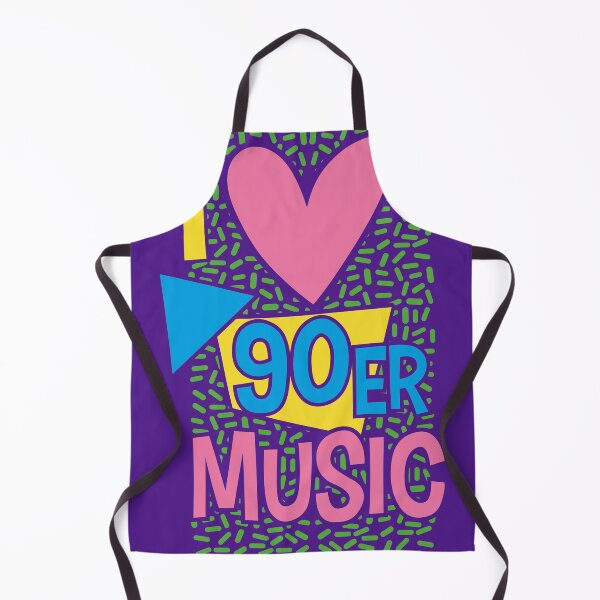 Item preview, 90s Song - I Love 90s Music designed and sold by Scribble-Design.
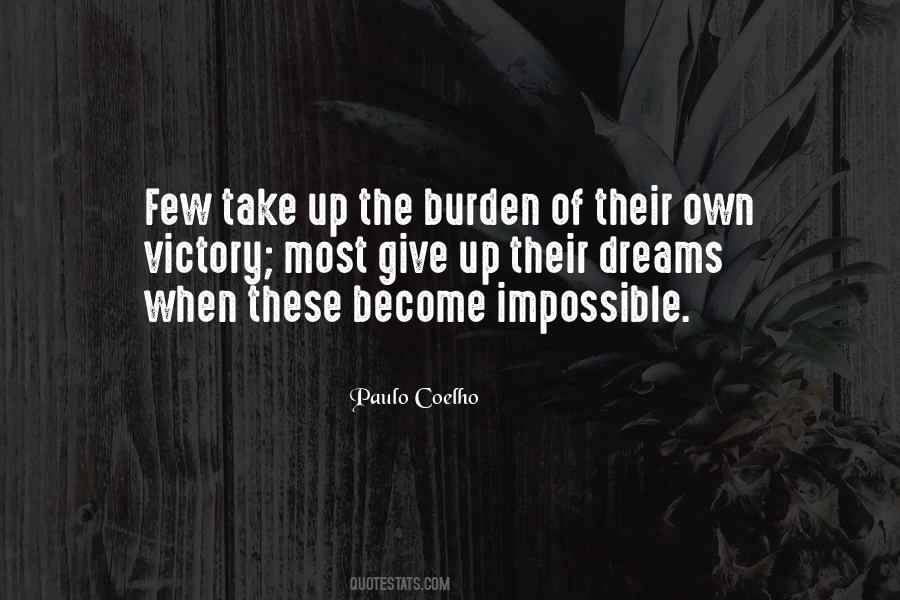 Give Victory Quotes #1243621
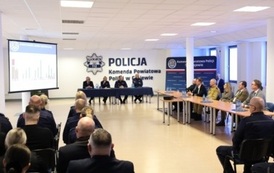 2. Podsumowanie pracy Policji za rok 2025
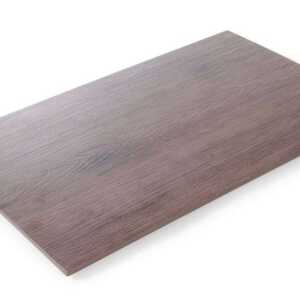 Tábua retangular - design em madeira de carvalho, GN 1/1, 530x325x(H)10mm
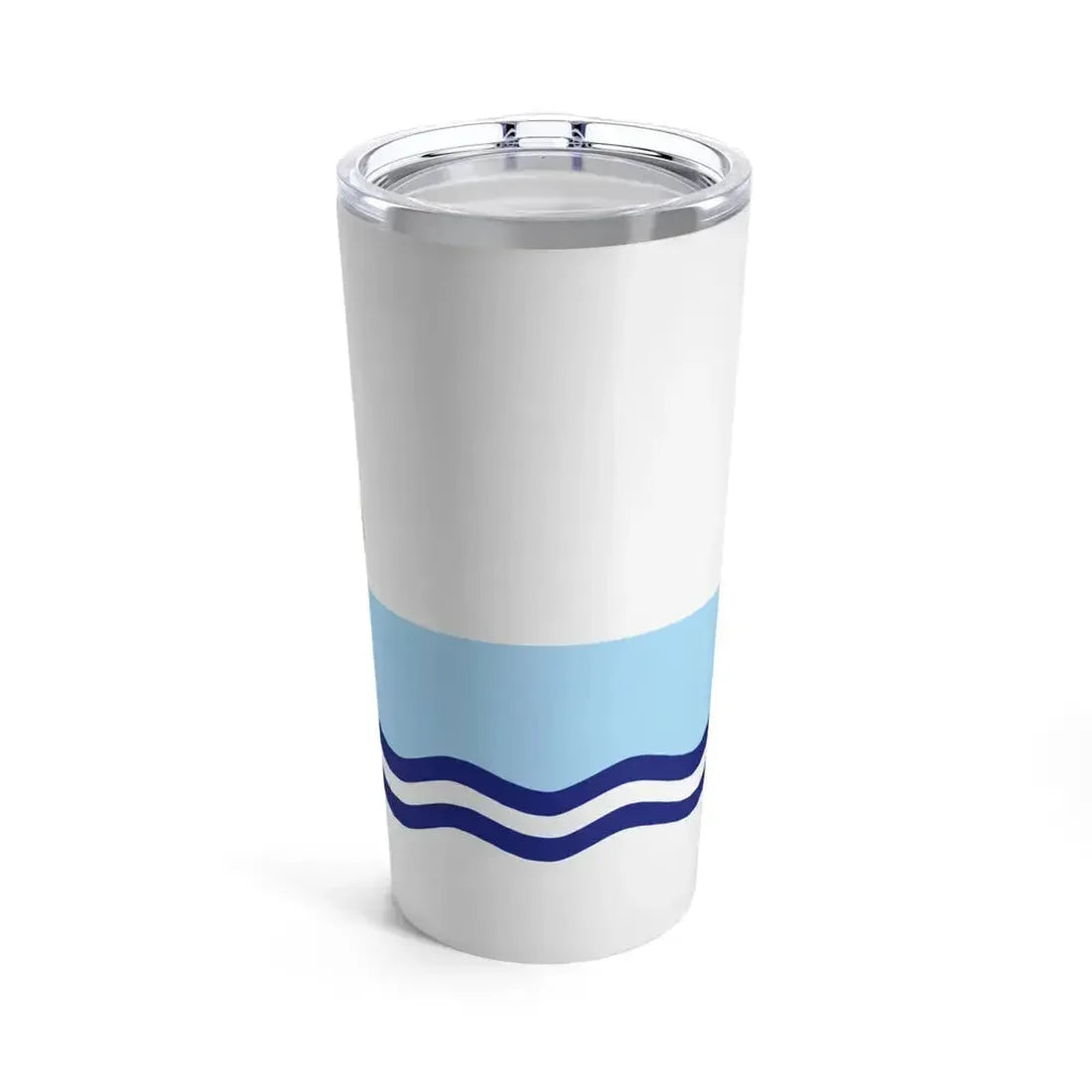 Flag of Annapolis Royal Canada - Tumbler 20oz 20oz - Go Mug Yourself
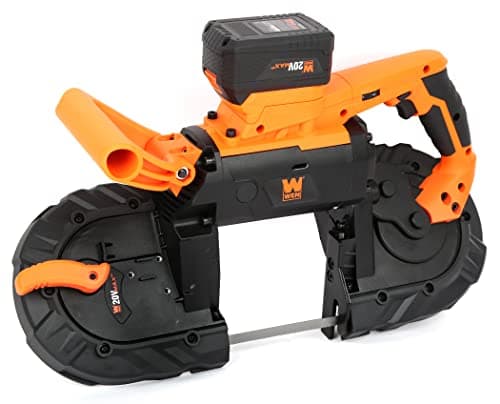 WEN Cordless Portable Bandsaw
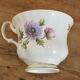 Royal Albert english porcelain cup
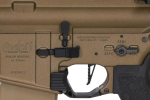 Vega Force Company M4/AR15 AVALON SABER CQB Karabin szturmowy AEG 9" (HAL) Tan - OUTLET - obrazek 4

=====

## Requirement
Exactly as they appear, print the lines of the listing above from its first line through the line that contains "WEN Cordless Portable Bandsaw", minus the pictures.

## Exercise result
 Item preview, 90s Song - I Love 90s Music designed and sold by Scribble-Design.
 Give Victory Quotes #1243621
 2. Podsumowanie pracy Policji za rok 2025
 Tábua retangular - design em madeira de carvalho, GN 1/1, 530x325x(H)10mm
 Flag of Annapolis Royal Canada - Tumbler 20oz 20oz - Go Mug Yourself
 WEN Cordless Portable Bandsaw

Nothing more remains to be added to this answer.